Value Learning for Irrational Toy Models
discussion post by Patrick LaVictoire 433 days ago | discuss

(This is a half-formed idea from discussions within MIRI; if it’s dumb, I take the full blame.)

In value learning contexts, it’s useful to have a toy model of human psychology, to see (for example) if a certain approach would work to learn the values of an idealized rational agent, but might robustly fail when faced with a more realistically constructed agent.

For example, here is a toy model of an irrational agent: take a world where the deterministic mapping $$f$$ from actions to outcomes is fully known, and take three different preference orderings on the set of outcomes. When the agent chooses among actions $$a_1, \dots, a_n$$, we first check whether any $$f(a_i)$$ dominates the others according to at least two of the preference orderings; if so, we take that action with certainty. Otherwise, we select randomly among the available actions. (This agent is a moral democracy, and if two of the three subagents agree on a policy, that policy is taken; otherwise, the agent hits a deadlock and acts at random.)

It is easy to construct agents of this form which exhibit circular preferences in binary choices.

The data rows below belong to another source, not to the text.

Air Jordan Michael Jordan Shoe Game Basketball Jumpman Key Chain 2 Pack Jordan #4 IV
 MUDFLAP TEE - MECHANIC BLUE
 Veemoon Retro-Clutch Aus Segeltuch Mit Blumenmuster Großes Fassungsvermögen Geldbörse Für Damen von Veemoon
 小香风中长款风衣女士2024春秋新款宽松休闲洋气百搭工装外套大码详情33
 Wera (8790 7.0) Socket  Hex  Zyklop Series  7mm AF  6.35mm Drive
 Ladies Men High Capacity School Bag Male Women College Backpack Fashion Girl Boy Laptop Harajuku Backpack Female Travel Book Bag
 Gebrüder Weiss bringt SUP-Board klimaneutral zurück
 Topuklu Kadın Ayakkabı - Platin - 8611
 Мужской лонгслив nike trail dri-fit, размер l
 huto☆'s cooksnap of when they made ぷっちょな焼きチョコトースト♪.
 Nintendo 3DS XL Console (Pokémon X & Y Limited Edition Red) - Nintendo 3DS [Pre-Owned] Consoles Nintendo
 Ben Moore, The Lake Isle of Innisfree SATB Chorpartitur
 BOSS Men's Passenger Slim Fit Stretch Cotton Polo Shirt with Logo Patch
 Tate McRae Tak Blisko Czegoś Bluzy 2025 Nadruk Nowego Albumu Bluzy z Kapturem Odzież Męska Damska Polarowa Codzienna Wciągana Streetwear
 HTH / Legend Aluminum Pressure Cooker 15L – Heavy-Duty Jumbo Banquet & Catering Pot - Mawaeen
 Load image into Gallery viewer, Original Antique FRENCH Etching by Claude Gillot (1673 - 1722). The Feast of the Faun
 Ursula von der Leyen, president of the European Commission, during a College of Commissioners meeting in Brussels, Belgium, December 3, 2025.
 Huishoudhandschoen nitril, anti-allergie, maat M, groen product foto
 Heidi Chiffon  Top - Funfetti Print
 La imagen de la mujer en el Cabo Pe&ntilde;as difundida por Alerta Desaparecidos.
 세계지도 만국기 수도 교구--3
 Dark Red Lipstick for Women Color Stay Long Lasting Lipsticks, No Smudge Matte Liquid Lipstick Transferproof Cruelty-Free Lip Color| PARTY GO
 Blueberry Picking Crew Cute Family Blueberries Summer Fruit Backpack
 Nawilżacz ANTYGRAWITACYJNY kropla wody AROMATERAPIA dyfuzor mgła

We can therefore ask whether a particular value learning algorithm would satisfy sensible desiderata when learning from such an agent. (For instance, if outcome $$X$$ strictly dominates outcome $$Y$$ according to all three preference orderings, we might desire that our value learning algorithm not act so as to result in $$Y$$ when it could instead have acted so as to result in $$X$$.)

The Hard Problem of Value Learning

But of course, a human brain is not even as simple as that toy model of irrationality. I’ve thought it might be useful to sketch out the level of generality that I actually believe is necessary, in order to show how hard the problem may be to get right.

Human brains do some amount of consequentialist reasoning [citation needed], so arguably at some point of cognition there exist heuristics for evaluating the overall desirability of various outcomes. We would like our value learning process to infer these heuristics and take them into account (this seems necessary, not sufficient).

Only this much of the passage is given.